The point is, Tyler Brule sure is a hero, to a certain kind of person! The NYT Style section today hails him as "Mr. Zeitgeist," asking "When was the last time a magazine editor inspired such adulation?"

Not counting the past decade of Anna Wintour and Chris Anderson and Jane Pratt and David Remnick and others, I can hardly think of a time, except for the preceding decades and the other popular magazine editors therein!

The important question here: is Tyler Brule actually cool? This is a Rorschach test.

1. Does obsessively cultivating a regular stubble length make a mockery of the very concept of stubble? Tyler Brule "keeps his perma-stubble artfully cropped like Tom Ford's."

2. Is purposeful elitism still cool in the Occupy Age? "While everyone hailed the iPad as the savior of print, Mr. Brûlé put out a limited-edition newspaper for the slopes of Gstaad and the beaches of Cannes."

3. Is Jann Wenner-style cleanliness-based obsessive-compulsive disorder cool? "Staff members do not drape coats haphazardly from the backs of chairs, but hang them in orderly fashion in a nearby closet. They do not eat at their desks, sprinkling keyboards with crumbs, but dine in groups in the office's sleek canteen."

4. Are "a West Coast snowboarder, a copy writer for a hot advertising firm in Stockholm or a grunge kid working in an indie record shop" actually cooler after they get rich? (Tyler Brule says yes!)

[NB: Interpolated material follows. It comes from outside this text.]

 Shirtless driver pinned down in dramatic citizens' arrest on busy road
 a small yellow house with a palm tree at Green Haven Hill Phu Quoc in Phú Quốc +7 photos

5. Tyler Brule runs a branding and advertising agency called "Winkreative." How do you feel about that?

6. Are airports the coolest place to live? "His inspiration came from (where else?) the airport terminal... he travels more than 250 days a year."

7. Is it cool to choose who to associate with by stereotyping them based upon their most obvious outward signifiers? "In public circumstances where you have to choose a seat, you can look at a person's shoes, you can look at their luggage, and oftentimes, it's interesting to see what they're reading as well. ‘Do I want to be near that person or not?'" (Says Tyler Brule.)

8. What is going on with his hands in this picture? Is that "cool?" [Update: Perhaps it is because he was shot! Cannot hold that against him.]

If you think that's cool, you should hang out with Tyler Brule. Definitely.